Parenthetically, one is moved to inquire why it is that we Dofobs who write about books are accustomed to adopt a style of labored facetiousness, for books are serious things. It is like the fashion of those who relate the history of old New York and who assume the tone of “Knickerbocker”: or of the delineator of life in the far west who cannot help imitating Bret Harte as the novelist of adventure in knighthood days imitates Sir Walter Scott. Books ought to be worthy of pure Johnsonese, the only dialect of dignity enough to deal with so solemn a subject.

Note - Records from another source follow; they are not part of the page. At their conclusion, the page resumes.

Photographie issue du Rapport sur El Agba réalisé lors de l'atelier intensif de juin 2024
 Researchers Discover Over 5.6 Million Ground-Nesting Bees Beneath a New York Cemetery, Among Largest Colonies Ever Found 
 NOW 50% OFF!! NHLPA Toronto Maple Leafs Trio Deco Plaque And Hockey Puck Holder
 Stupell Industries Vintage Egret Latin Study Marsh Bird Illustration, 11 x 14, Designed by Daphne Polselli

A Dofob would not assert with offensive pride that the majority of people in this prosperous country are devoid of a real affection for books, but he is sorry for some of those who fondly imagine that they are bookish, occasionally reveal their inmost thoughts about books, and unconsciously disclose their sad incapacity to understand the essential nature of book-loving. In the matter of bindings, for example, there is commonly a lamentable ignorance. A few years ago I fortunately discovered a book printed in the latter part of the eighteenth century, produced in New York, and bound in the fine old calf of the period: a little dilapidated by the ravages of time and the bookseller’s shelves, but by no means in a state of ruin. That very binding made it cost me a goodly sum, for the contents were of no general interest; the book itself, the entity, binding and all, gave it value. I honored that book and after petting it properly, gladly gave it to a dear old gentleman, the only man in the city who knew anything about the subject dealt with in the book. A few weeks later he proudly brought it back to me in order that I might inscribe a few words on the fly leaf, and he said with considerable satisfaction, “You see, sir, that I have it neatly rebound!” And so he had, to my horror. The splendid old calf—I am referring to the binding—in which a Dofob would have rejoiced greatly, had been replaced by smug, cheap and modern cloth. Then it was that I grieved because my vocabulary was limited to the few thousand words which the devotee of statistics allows to the average man. All the languages of Mezzofanti could not have done justice to the situation; but the heroic self-restraint of a Dofob came into play and I suffered in silence. The honest but misguided friend will never know the full extent of the crime, and as the book is more to his liking in its present garb than it was in what he was pleased to call its “shabby” dress, it would have been needlessly cruel to undeceive him; and, after all, the matter was beyond remedy.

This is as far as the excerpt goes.